Re: Versioning and html[5]

From: Bruce Boughton <bruce@bruceboughton.me.uk>
Date: Fri, 13 Apr 2007 00:39:59 +0100
Message-ID: <461EC34F.9040106@bruceboughton.me.uk>
CC: "public-html@w3.org" <public-html@w3.org>
Ian Hickson wrote:
> On Thu, 12 Apr 2007, Chris Wilson wrote:
>> I agree with your premise (don't break the web) but not your conclusion 
>> (that spec-version information is therefore unnecessary).  Spec 
>> versioning will still tell you that your browser isn't new enough to 
>> handle, say, that 3d canvas element that gets added in html6.
> I don't understand this. Could you elaborate with an example?
>> However, having versioning in HTML will allow us to eradicate the need 
>> for authors to put this switch in every single document to opt in to 
>> good behavior, because we'll know that HTML6 content/apps won't expect 
>> to have the bugs we ship IE.next with.
> You are suggesting tying a browser-specific set of bugs to a specification 
> on a different release cycle. I'm even more against doing that than I am 
> against the idea of freezing bugs in the first place. You're free to 
> support whatever switches you believe you need in your browser (even if it 
> means that it'll be intentionally perpetually non-compliant), but the W3C 
> should not condone this or even remotely legitimise it.
> If you want the W3C spec to have a version switch, then the spec must 
> define how browsers must act *in all the versions that the switch 
> supports*. That means that if you want a switch (or the lack of a switch) 
> to imply that IE7 behaviour must happen, *we absolutely must specify 
> exactly what IE7 does* so that other browsers can implement it too.
> Maybe it would help, however, if instead of assuming that compliance to 
> HTML5 will mean broken pages, we worked on the assumption that 
> implementing HTML5 correctly will mean all pages work. That's what the 
> other browser vendors want, it's what the WHATWG set out to do three years 
> ago and has been doing ever since, it's what authors want.

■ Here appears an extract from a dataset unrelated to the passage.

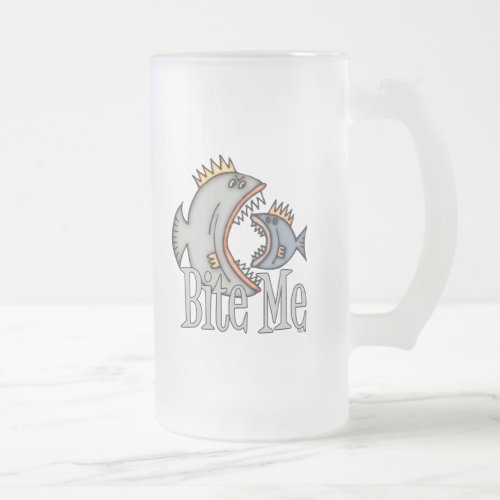 Funny Fishing Mug  Fishing Humor Fishing Bite Me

> Where HTML5 does break pages, we need to fix the spec. If this means 
> getElementById() changes to look for 'name' attributes, sobeit. Sometimes 
> it may be that IE's behaviour *can* change because few enough pages depend 
> on some edge case that it's ok to change it. Sometimes changes in IE's 
> behaviour will, in beta tests, show to be utterly impractical, and then we 
> can use this feedback to fix the spec. In the end, all browsers benefit 
> from the experience, we improve competition in the browser space, and the 
> authors and users benefit.
> Assuming from the start that we can never achieve interoperability is 
> defeatist in the extreme and compromises the entire point of standards.